第五十九話 潜入
私はあのまま彼らの後を追った。
しばらく歩くとマンションのような場所に着いた。
話や素振りから見てどうやらここは長谷川さんの家のようだ。
彼らはそのまま部屋に入っていく。
長谷川さんは自宅に祐二を連れ込んで何をしようというのだろう。
どうしようか・・・・・・このまま待機していようか。
・・・それしかない。
ここで他の行動をしてせっかく見つけた祐二を再び見失うのは痛い。
私は物陰に隠れながら長谷川さんの家を窺う事にした。
どのくらい時間が経っただろうか。
しばらくして、長谷川さんの家から誰かが出てきた。
私はそれをじっと見つめる。
どうやら長谷川さんだけのようだ。
どういう事・・・・・・。
祐二は部屋に一人で篭っているという事・・・・・・?
しかしその時不用意にも長谷川さんは鍵をかけずに外に出て行ったので、私はチャンスと思いこっそり長谷川さんの部屋に入る事にした。

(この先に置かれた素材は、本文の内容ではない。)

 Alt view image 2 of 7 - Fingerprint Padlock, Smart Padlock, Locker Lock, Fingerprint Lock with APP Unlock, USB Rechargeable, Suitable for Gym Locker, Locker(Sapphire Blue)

長谷川さんは近くまで買い物にでも行ったのだろうか・・・?
とにかくどこかへと出かける長谷川さんを尻目にして私は部屋へと向かった。
そっとドアを開けて中を覗き込む。
・・・・・・誰か寝ている?
あれは・・・・・・祐二だ!!
私は中に入り、静かにドアを閉めてカギをかける。
「・・・ゆう・・・じ?」
しかしやはり眠っているようだ。反応はピクリともしない。
よくよく見るとおかしな眠り方をしている。
テーブルにもたれかかったようにぐったりと眠っているからだ。
長谷川さんが眠らせた・・・?
私は眠っている祐二にそっと近づく。
「祐二・・・私よ。祐二。」
やはり反応はない。
どうやら普通に眠っているわけではなく、何かで眠らせられたようだ。
その時不意に彼の持ち物が目につく。
これは・・・・・・。
それは昨日私達を脅した時に使用された拳銃だった。
このまま彼がこれを持っていてもロクな事にならないに違いないと思い、私はそれをそっと抜き取り自分のバッグにしまいこむ。
その時、不意に玄関からガタという音が聞こえた。
どうやら長谷川さんが帰ってきたようだ。
私はあわててどこかに身を隠そうとする。
周囲をすばやく見渡し、とりあえずお風呂場に身を潜めた。
「・・・おかしいな。たしか鍵はかけずに出たはずだと思ったが。」
長谷川さんの独り言が聞こえる。
私はそのままその場で身を潜めつつ彼の行動を見ている事にした。